The ongoing work isn’t just restricted to new circuits. Albert Park has been a mainstay on the F1 calendar since 1996 but the circuit has seen minimal change from its inaugural year to current configuration. That is set to change in 2022.

“Melbourne is doing an upgrade for the 2022 race and we’ve been engaged with them for some time on that and looking at it,” says Symonds.

Lando Norris, Antonio Giovinazzi, 2019 Australian GP

Albert Park will be the next circuit to undergo changes with the help of F1 overtaking data

Morgan Hancock/NurPhoto via Getty Images

“It’s a bit of an unfortunate thing with the Formula 1 championship that we don’t start on the best circuit and we don’t end on the best circuit and there’s a bit of a shame that we do bookend quite an exciting series with two rather poor tracks, so we were very keen when Melbourne said they had some money and wanted to do some improvements.
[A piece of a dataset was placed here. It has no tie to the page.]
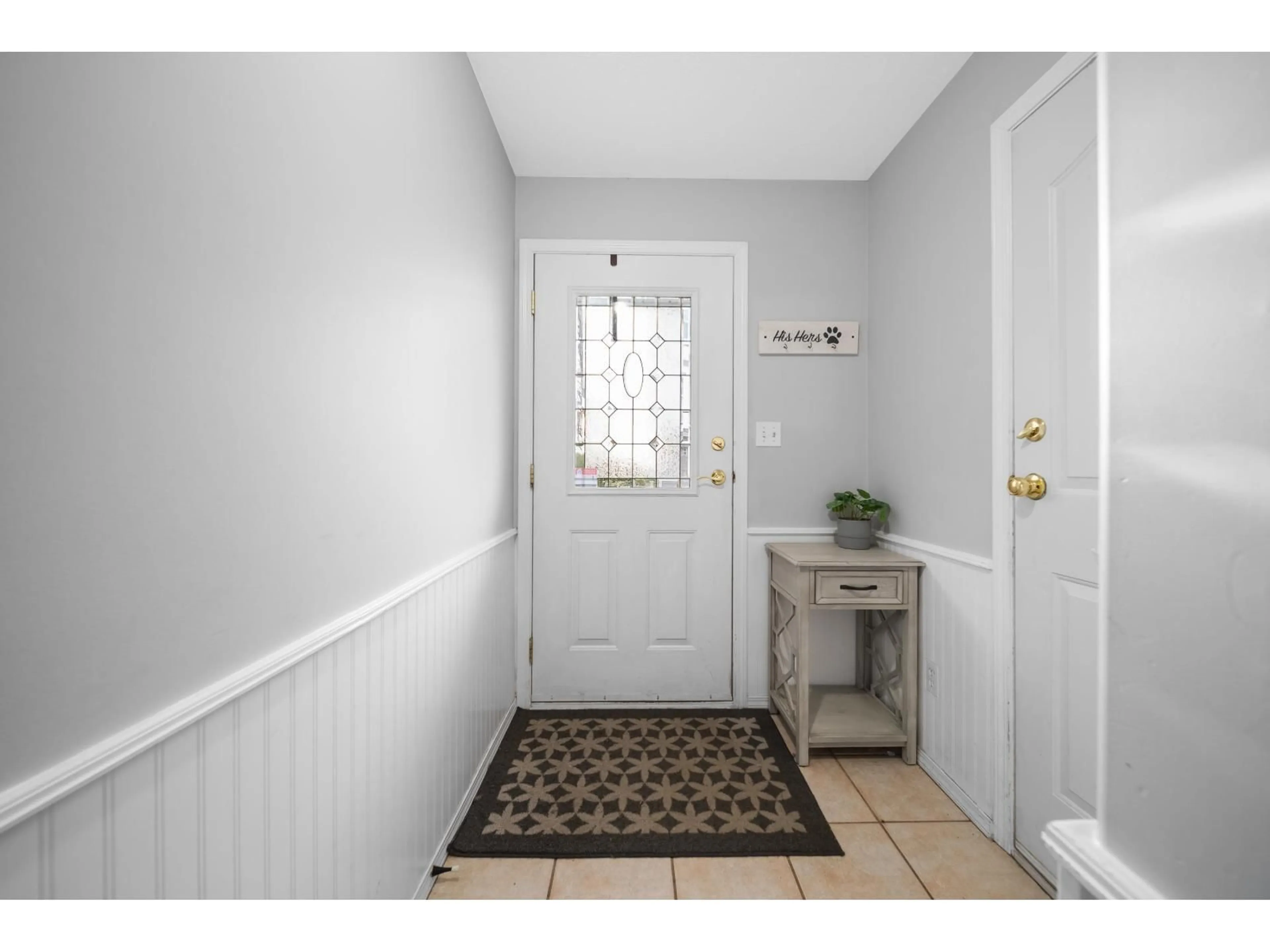 Indoor entryway for 119 - 6450 VEDDER ROAD, Chilliwack British Columbia V2R5N7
“We have suggested things using our simulations and some changes which they’ve accepted.”

Theoretically, the perfect Formula 1 track to facilitate exciting racing could be designed and built, based on the numbers, according to Symonds.

“I think we could yes,” he says. “You always get an amount of interpretation in that as to what do you actually want, but yeah there’s no reason why you couldn’t. I think there would be some interpretation as to whether it had been done correctly or not but there’s always something you have to follow.”

The circuits are just the start for F1’s new modelling data, and the process is now being used to identify changes to the cars that would make racing closer. -initially with the regulations being introduced in 2022, and then with the next change in 2026.

“We’re considering the 2026 car,” says Symonds. “I won’t say we’ve quite finished on the 2022 cars, there’s still a few little bits of regulations and things that we’re trying to exploit, but we’re trying to think much more ahead to the 2026 car.

“A phrase I use with all my guys is ‘evidence-based decision making’. What I don’t want is some of the knee-jerk reactions of the old days, ‘let’s make the car’s five seconds a lap quicker because it will be better’. Everyone goes off and spends tens if not hundreds of millions of pounds building a car that is five seconds a lap quicker, and that wasn’t really the nub of the problem. Now what we want is evidence that informs our decisions.”